Controversy follows ‘healing priest’ Fr. Fernando Suarez’ death

Controversial priest Fr. Fernando Suarez died February 4, 2019. (Photo: Fr. Fernando Suare

Philippines

Controversy dogged his life ever since he became famous for his so-called ‘healing powers’

Teodoro ‘Ted’ Alcuitas

Fr. Fernando Suarez, who died February 4 while playing tennis at the Ayala Alabang Clubhouse in Muntinglupa City was buried in his hometown of Taal, Batangas on February 17.

 Suarez died three days before his 53rd birthday and just over a month after he was cleared by the Vaticanof sexually abusing minors.

Born in Barrio Butong, Taal, Batangas in 1967, Suarez completed a degree in Chemical Engineering from Adamson University before deciding to go to Canada to become a priest.

The healing priest was born in Barrio Butong, Taal, Batangas in 1967. He has a degree in Chemical Engineering from Adamson University, but decided instead to go to Canada in 1995 to become a priest.
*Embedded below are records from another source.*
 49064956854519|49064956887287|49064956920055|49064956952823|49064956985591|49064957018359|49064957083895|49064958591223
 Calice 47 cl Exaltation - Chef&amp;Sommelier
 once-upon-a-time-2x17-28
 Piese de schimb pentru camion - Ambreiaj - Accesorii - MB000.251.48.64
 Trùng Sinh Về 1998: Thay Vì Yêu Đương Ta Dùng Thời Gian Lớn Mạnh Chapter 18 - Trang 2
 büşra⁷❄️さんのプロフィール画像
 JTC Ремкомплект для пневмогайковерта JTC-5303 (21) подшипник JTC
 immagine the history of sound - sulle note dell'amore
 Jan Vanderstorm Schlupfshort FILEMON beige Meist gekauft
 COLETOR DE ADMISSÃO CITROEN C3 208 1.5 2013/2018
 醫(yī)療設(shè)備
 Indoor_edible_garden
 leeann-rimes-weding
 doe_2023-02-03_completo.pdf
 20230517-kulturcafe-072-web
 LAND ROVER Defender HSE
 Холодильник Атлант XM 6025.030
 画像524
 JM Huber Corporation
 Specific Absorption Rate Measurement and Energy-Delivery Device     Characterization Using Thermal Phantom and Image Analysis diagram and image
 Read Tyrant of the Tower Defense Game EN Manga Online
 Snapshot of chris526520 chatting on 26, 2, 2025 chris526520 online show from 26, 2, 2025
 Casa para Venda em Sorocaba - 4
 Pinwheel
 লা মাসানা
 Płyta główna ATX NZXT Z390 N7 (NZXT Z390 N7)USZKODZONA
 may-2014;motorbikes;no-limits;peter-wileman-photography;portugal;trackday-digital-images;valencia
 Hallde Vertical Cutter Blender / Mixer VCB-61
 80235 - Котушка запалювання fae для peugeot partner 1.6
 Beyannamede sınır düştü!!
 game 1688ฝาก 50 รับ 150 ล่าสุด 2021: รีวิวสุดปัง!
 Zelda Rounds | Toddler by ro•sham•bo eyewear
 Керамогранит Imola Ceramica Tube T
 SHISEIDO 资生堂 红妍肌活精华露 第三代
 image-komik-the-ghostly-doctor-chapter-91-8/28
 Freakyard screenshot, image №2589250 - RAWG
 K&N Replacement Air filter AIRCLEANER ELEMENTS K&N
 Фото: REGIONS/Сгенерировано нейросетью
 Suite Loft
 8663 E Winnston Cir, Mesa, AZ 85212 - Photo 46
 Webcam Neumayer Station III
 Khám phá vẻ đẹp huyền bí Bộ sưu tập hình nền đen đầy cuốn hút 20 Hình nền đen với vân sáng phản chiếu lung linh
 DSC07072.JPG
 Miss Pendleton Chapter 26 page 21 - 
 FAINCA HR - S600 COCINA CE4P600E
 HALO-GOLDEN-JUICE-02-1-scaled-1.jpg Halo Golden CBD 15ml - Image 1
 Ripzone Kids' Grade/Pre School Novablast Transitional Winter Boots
He first started in Winnipeg, Manitoba and moved  to Ottawa where he completed his studies and joined the Companions of the Cross.

Ordained in 2002 at age 35,  he began to focus his ministry on faith healing conducting his sessions throughout Canada and the U.S. In 2008, it was reported that over 8,000 people -more than 2,000 per mass attended his healing masses in Metro Vancouver including Coquitlam, Burnaby, Richmond and Maple Ridge.

He established Mother Mary of the Poor Healing Ministry with the mission and intent “to seek holiness in evangelizing and working with the poor through the intercession of the Blessed Virgin Mary.”

Suarez’s popularity as a healing priest had attracted the attention of many of his peers in the Catholic Church including the late Malolos, Bulacan bishop Jose Oliveros, who complained that Suarez was not following a Vatican rule on healing activities under the Church issued by the Congregation of the Doctrine of Faith (CDF). 

But along with what many believed was Suarez’s noble intention to heal the sick and help the needy was a wave of controversies, including serious allegations that he sexually abused minors and used his stature to make money, among others.

The charges prompted Suarez to temporarily close his ministry, which sidelined him for quite some time until the Vatican, through the National Tribunal of Appeals of the Catholic Bishops Conference of the Philippines (CBCP), allowed him to resume his work.

Suarez was preparing for his return to active priesthood at the time of his unexpected death.

In 2011 he left the Companions of the Cross in Ottawa to join the Vicariate of San Jose in Mindoro and the order discontinued the association with the foundation he founded.

He envisioned to build the world’s tallest statue of the Virgin Mary but run into problems.

The Mother of All Asia-Tower of Peace is a monument to the Virgin Mary located inside the five-hectare pilgrimage site called Montemaria in Barangay Pagkilatan, Batangas City, Philippines.  It  is set to become the world’s tallest statue of the Virgin Mary at 96 m (315 ft).

The construction of a statue of the Virgin Mary and pilgrimage site at the Montemaria development in Batangas City was originally planned and pursued by the Mary Mother of the Poor Foundation (MMP) led by Fr.  Suarez.  According to the Philippine Inquirer, Suarez got the idea of developing a pilgrimage site from Hermilando Mandanas, a local politician and acquaintance whom he met in 2006, where the priest could perform his faith healing work. Mandanas’ company, Abacore Capital Holdings, Inc., donated the five-hectare land in Barangay Pagkilatan where the statue and the proposed pilgrimage site would stand, which would later be called Montemaria.

Initially, progress for the project was made in 2009 after Suarez’s foundation was able to raise ₱200 million. But in the following year, the project was later put on hold after Suarez moved to Cavite, where San Miguel Corporation offered him a 33-hectare land in the town of Alfonso where he could set up a bigger pilgrimage site. Cited as the one responsible for building a statue of the Virgin Mary at Montemaria, Mandanas continued to project and established the Montemaria Asia Pilgrims Inc. (MAPI) to help him manage the project’s development. The property where the statue would stand was later set for donation to MAPI but such plans were canceled and the land was donated to the Archdiocese of Lipa instead. At the time, the statue which had its face and hands already complete, became known as the “Mary Mother of All Asia”.

Construction work for the statue began in 2014 and is expected to be completed in 2021 marking the 500th anniversary of the introduction of Christianity in the Philippines.

The Mother of All Asia statue was designed by sculptor Eduardo Castrillo and is made of concrete and steel. With the planned height of 96 m (315 ft), the Marian statue will surpass the Virgin of Peace statue in Venezuela to become the tallest statue of the Virgin Mary in the world.

Despite receiving millions of pesos from local supporters and millions of dollars from foreign believers, MMP has not shown SMC the plans for the shrine, according to an Inquirer story.